Exercise details — Retype the listing exactly as it stands, and keep every image out.

START Dataset content

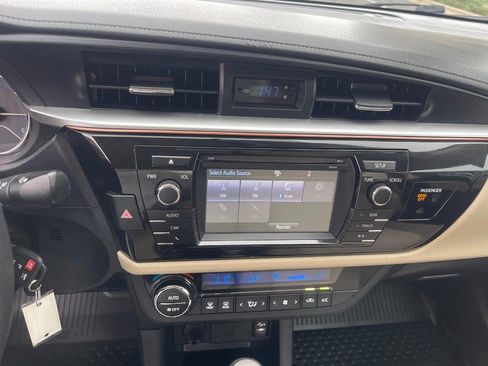 Used 2015 Toyota Corolla LE FWD image 20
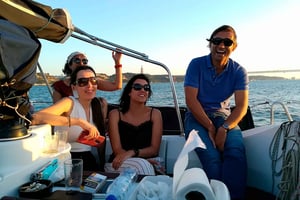 Sailing Tour with Wine and Snacks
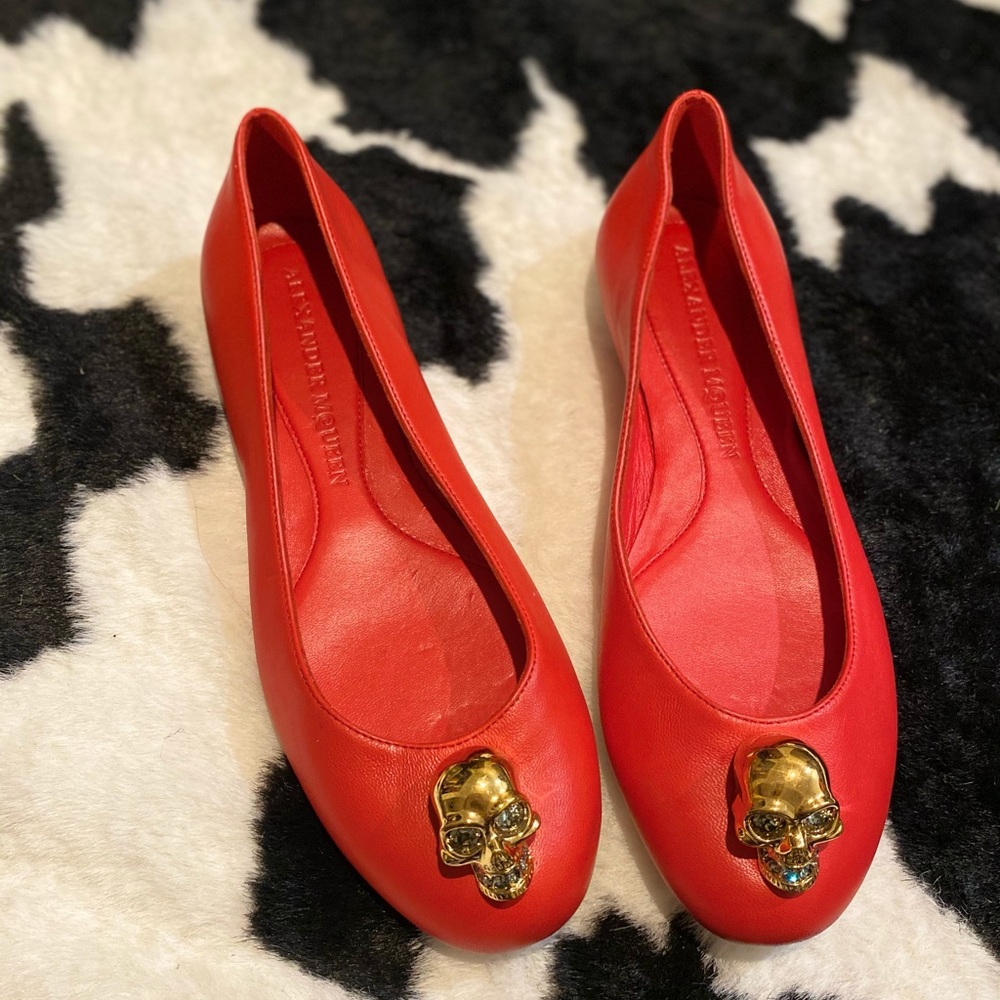 Alexander mcqueen skull flats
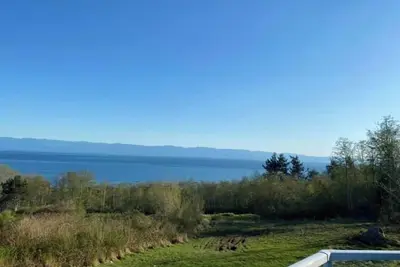 Image de Family-size home 5-minutes' walk from Gordon's Beach, peaceful and convenient!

END Dataset content

Output for this exercise —
 Used 2015 Toyota Corolla LE FWD image 20
 Sailing Tour with Wine and Snacks
 Alexander mcqueen skull flats
 Image de Family-size home 5-minutes' walk from Gordon's Beach, peaceful and convenient!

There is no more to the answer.